Miriam Cates and I have a different idea of what Thatcherism was all about. To me, the Lady T era was more feminist than any other before or after because it included all people, including women, in its vision of work, wealth, power and success. It did so without all the carry on about menstruation and endometriosis and menopause and who knows what else that comes with female empowerment discourse today.
‘I felt like nothing more than a drudge,’ said Thatcher in a 1954 interview in Forward, a Conservative pamphlet, of being at home with two babies and the housework after the mental stimulation of chemistry and law. Later, she would extol the virtues of women’s role in the home as doting mothers and responsible housekeepers and decry ‘women’s lib’. But Thatcher had a quintessential belief in women’s ability to get to all the top tables, and she was among the few Conservatives to vote in favour of universal abortion (and the decriminalisation of homosexuality).

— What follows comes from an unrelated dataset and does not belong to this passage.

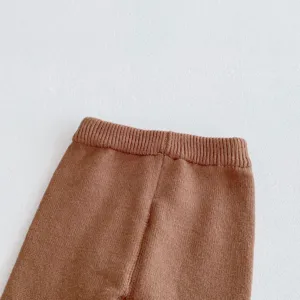 Dettaglio pantaloni neonato in maglia, vita elastica a costine, morbida consistenza autunno.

The ‘no one can replace mum’ idea seems naive and uncreative, strongly rooted in Victorian ideas of domesticity
But to Miriam Cates, Thatcher’s laser focus on incentivising economic ambition for all members of society is at odds with all that is good for women. The Tories, she told the Telegraph’s Chopper podcast last week, need to finally break free of the influence of the Thatcher years which, she said, were ‘unconservative’. She criticised Jeremy Hunt’s childcare reforms for handing incentives to working parents, not stay at home mums, and argued for tax-breaks for full-time mothers as recognition for their ‘investment in society’. Cates spoke scathingly of ‘outsourc[ing] that unbreakable bond to institutional childcare’ and added: ‘no one can replace mum’.
It’s true that Cates is espousing a standard Conservative narrative about the glories of 24/7 motherhood, of being there for every burp and gurgle and first word, of the dignity of women’s charge over warm pies and their unique role in forging lovely traditional family bonds and a cosy hearth. But I prefer Thatcher’s more sophisticated approach: on one hand, to speak warmly of women’s role in the home and on the other, to put policy energy into encouraging everyone to have the best careers they can, leaving them to work out the rest.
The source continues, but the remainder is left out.